Portuguese artists João Pedro Vale and Nuno Alexandre Ferreira have erected a two-storey building inside the MAAT in Lisbon, filled with references to "dissident forms of sexuality".
Visitors are invited to enter the dark, mysterious structure, where they find a two-storey interior containing what looks like the cells and wash room of a prison, but which is also reminiscent of gay cruising venues.
Titled Loving as the Road Begins, the installation draws comparisons between the constructs of imprisonment and the realities of queer existence.
"The artists juxtapose a variety of opposing references which conjure up images of impurity and sanitation, illness and cure, crime and punishment, associating incarceration structures with forbidden existences," reads an exhibition overview.
The project developed through Vale and Ferreira's research into the late surrealist poet and painter Mário Cesariny.
During a residency at La Cité Internationale des Arts in Paris, the pair stayed in an apartment close to the monument, Saint-Jacques Tower. They recognised it as the cover image of Cesariny's book, A Cidade Queimada, or Burnt City.
Cesariny wrote the book in 1964, during a two-month incarceration at Fresnes prison, where he was sent after being arrested for soliciting a police officer in a Paris cinema and accused of gross indecency.
The poet's imprisonment is believed by many to have been persecution, as a result of his so-called vagrancy – a derogatory term used at the time to describe homosexuals. So Vale and Ferreira felt it would make sense to take a close look at this time in his life.
Given Cesariny's obsession with the gothic tower and its garden, the pair designed the installation to look like a building found in the grounds.
They imagined that this simple structure, containing a ground floor and a basement, might have served as a living space or rest area for the garden watchman, or as a store room for tools.
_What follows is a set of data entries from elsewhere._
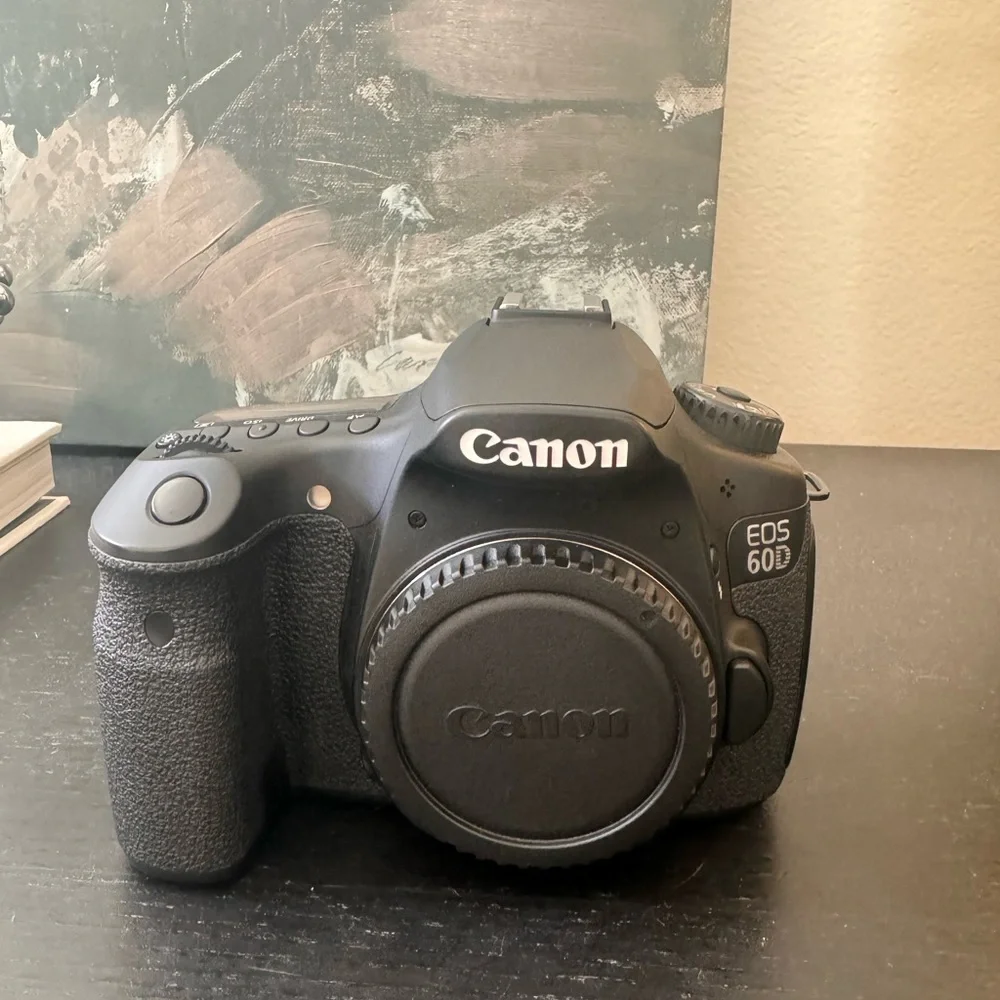 ❤️ EUC Canon 60d w/18-200mm lens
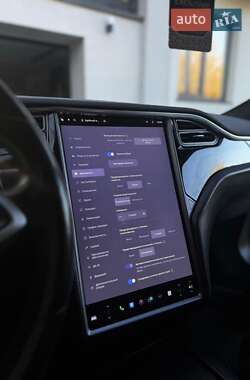Ліфтбек Tesla Model S 2015 в Львові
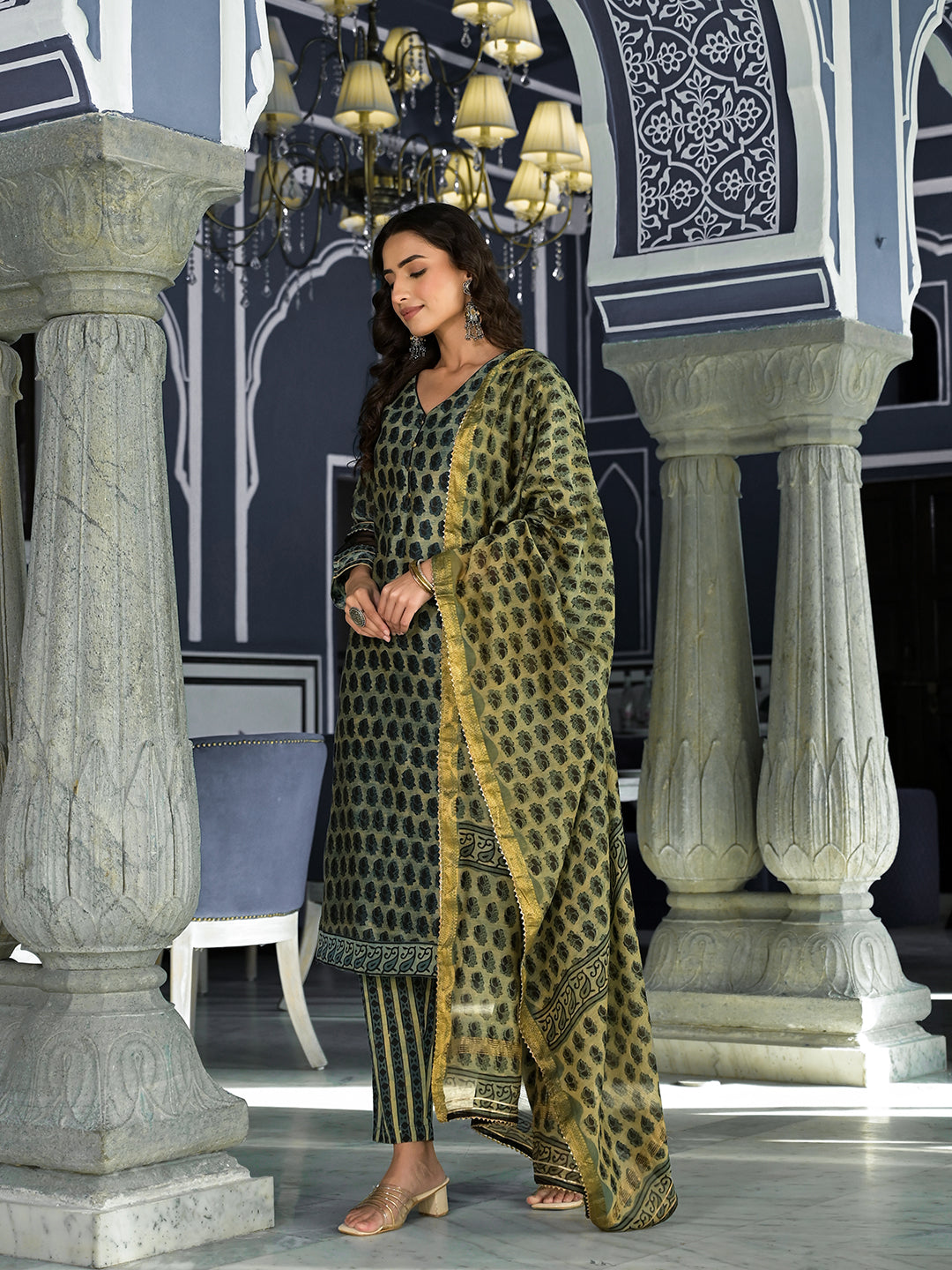 Green-Maheshwari-Silk-Ethnic-Printed-3-Piece-Kurta-Set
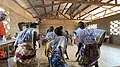 File:Groupe d'enfants exécutant une danse traditionnelle au Bénin 08.jpg
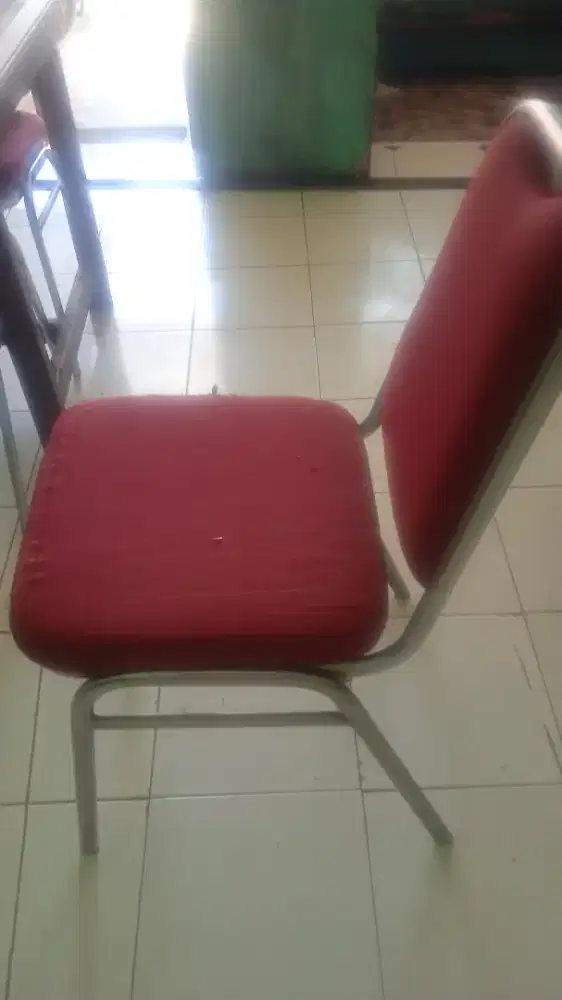Kursi  bekas rumah makan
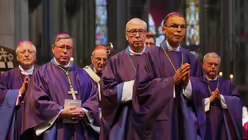 Die Bischofsweihe von Weihbischof Dominikus Schwaderlapp 3 / &copy; Robert Boecker (DR)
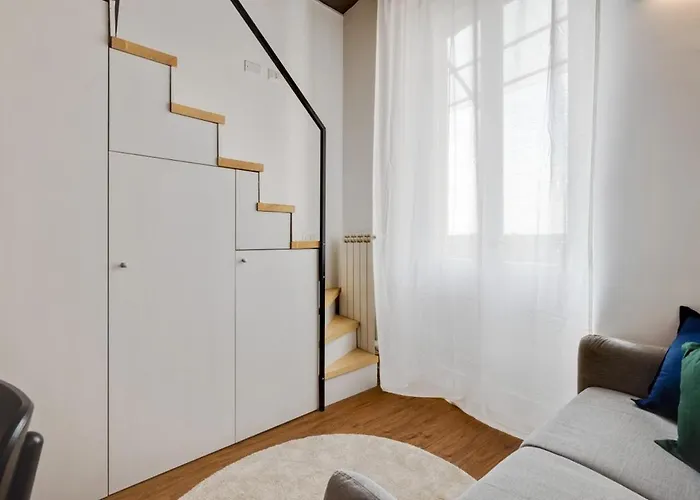 Homeby, Cozy Penthouse Apartament Mediolan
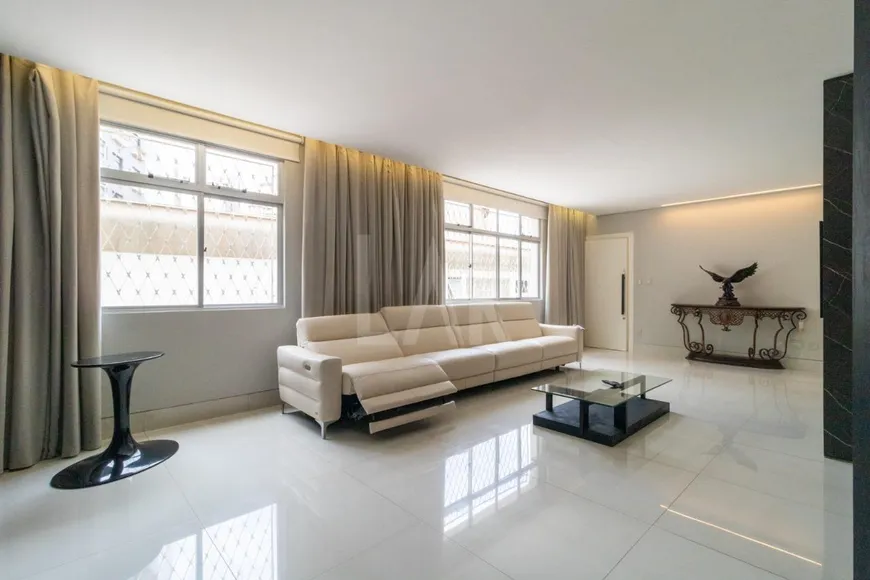 Foto 1 de Apartamento com 2 Quartos à venda, 150m² em Lourdes, Belo Horizonte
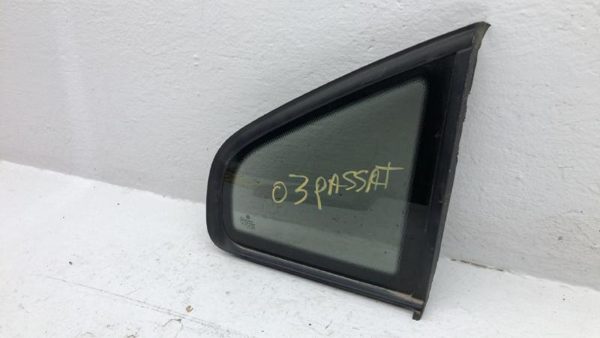 2001-2005 Vw Passat Passenger Right Rear Quarter Glass Back Side Window Oem Rh — photo 2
It also contained public toilets – a type of space often used in gay cruising.
At the MAAT, this building is recreated as a two-storey structure, accessed via a staircase that leads up to the first floor.
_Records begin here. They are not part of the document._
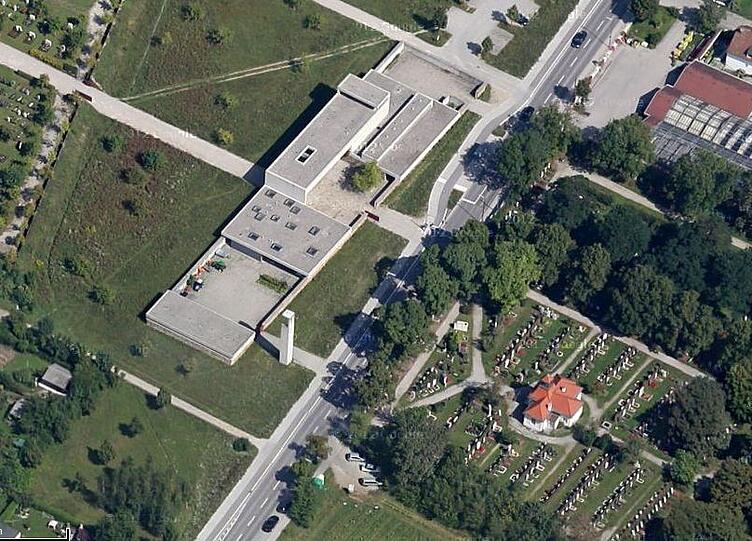 Der Verkehrslärm von der Straße "Am Mitterfeld" stört immer wieder Trauerfeiern im Riemer Friedhof.
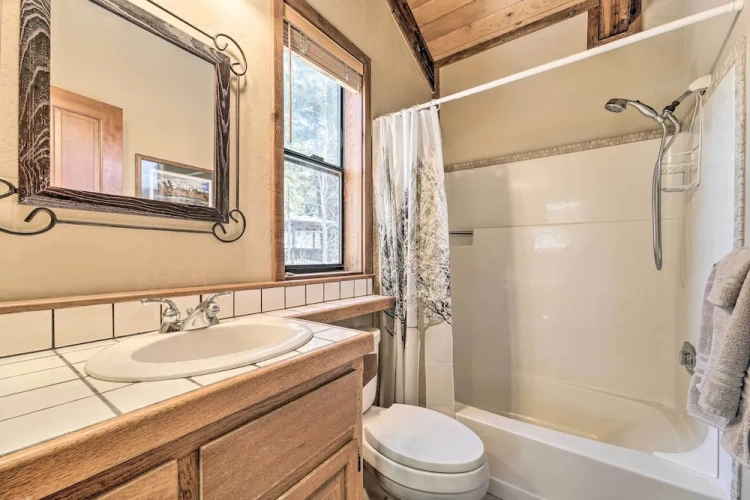 4 Bedrooms Cottage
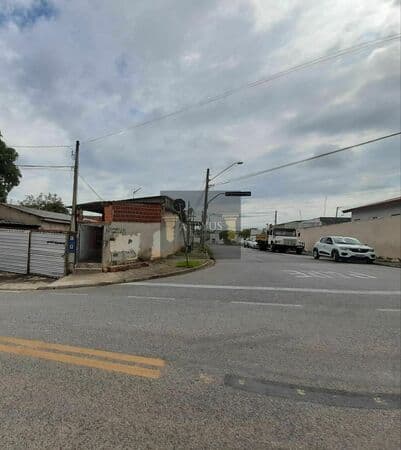 Casa em Sorocaba - Lopes de Oliveira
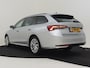 Skoda Octavia Combi First Edition 115pk DSG/AUTO | Achteruitrijcamera | Elektrische achterklep | Navigatie | Adaptive cruise control | 17" LMV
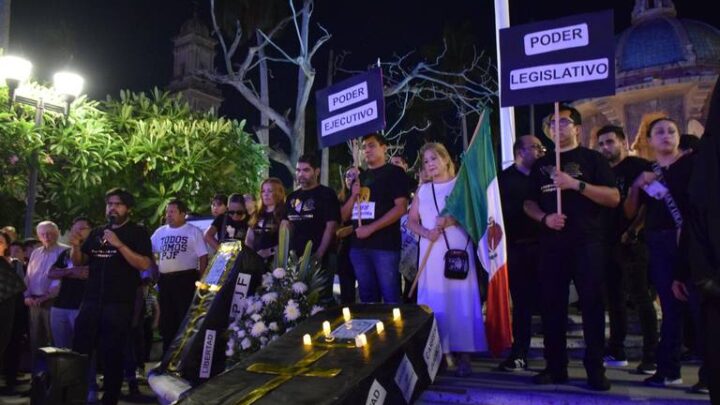 VUELVEN A LAS CALLES TRABAJADORES DEL PJF EN LA ZONA SUR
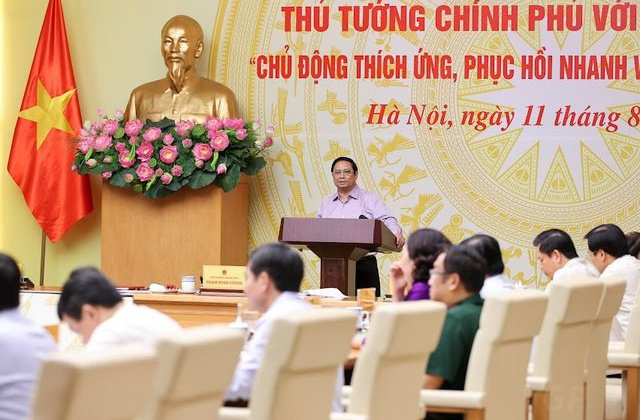 Chủ động thích ứng, phục hồi nhanh và phát triển bền vững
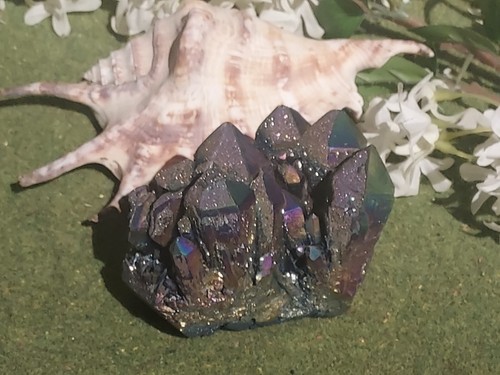 Electroplated Rainbow Quartz Carved Gemstone Natural Cluster Bed 459g (B2) - Picture 2 of 4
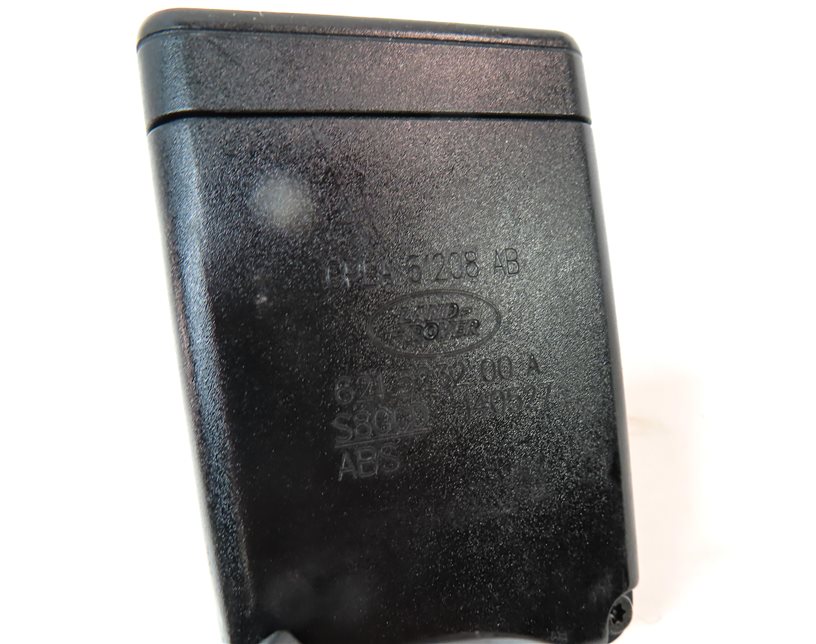 Thumbnail 5: 14-15 RANGE ROVER SPORT (L494) FRONT RIGHT PASSENGER SEATBELT BUCKLE RECEIVER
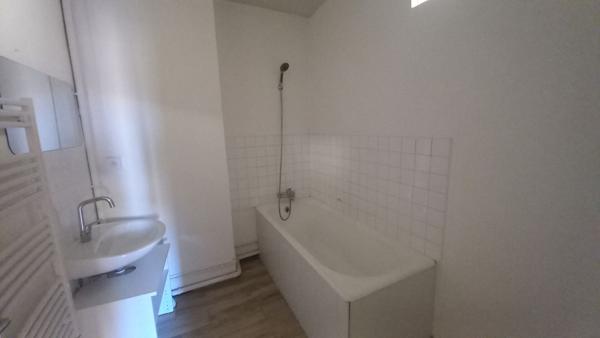 Location appartement Carpentras - 2 pièce(s) - 50 m² - 550 €/mois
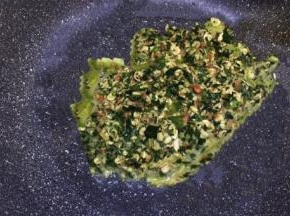 油温六成将9倒入锅里，等底部干结了再翻炒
Inside are dark-painted spaces, dimly lit by red and white neon lights. Walls are covered in graffiti, and sections of the space are partitioned off into cells.
One space contains latrines, while another contains showers. There is also a dressing table covered in bottles and an old radio.
Downstairs, water from the showers above drips down through the gridded metal ceiling, into a large pool. Posed poster images of naked men cover the wall, forming part of the graffiti artwork.
The exhibition was curated by Inês Grosso. It is not the first to shine a light on the physical spaces of gay cruising.
The Cruising Pavilion – previously shown in Venice and now exhibiting in Stockholm – also highlights the role that sex plays in architecture and interiors.
Loving as the Road Begins is on show at MAAT until 20 April 2020.